=== Section Start ===

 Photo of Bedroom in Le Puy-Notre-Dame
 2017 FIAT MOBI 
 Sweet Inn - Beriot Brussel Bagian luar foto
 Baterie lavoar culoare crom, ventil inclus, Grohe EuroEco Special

=== Section End ===

- WHAT TO WORK ON: All the material above is to be returned exactly as it stands.

- EXERCISE ANSWER:
 Photo of Bedroom in Le Puy-Notre-Dame
 2017 FIAT MOBI 
 Sweet Inn - Beriot Brussel Bagian luar foto
 Baterie lavoar culoare crom, ventil inclus, Grohe EuroEco Special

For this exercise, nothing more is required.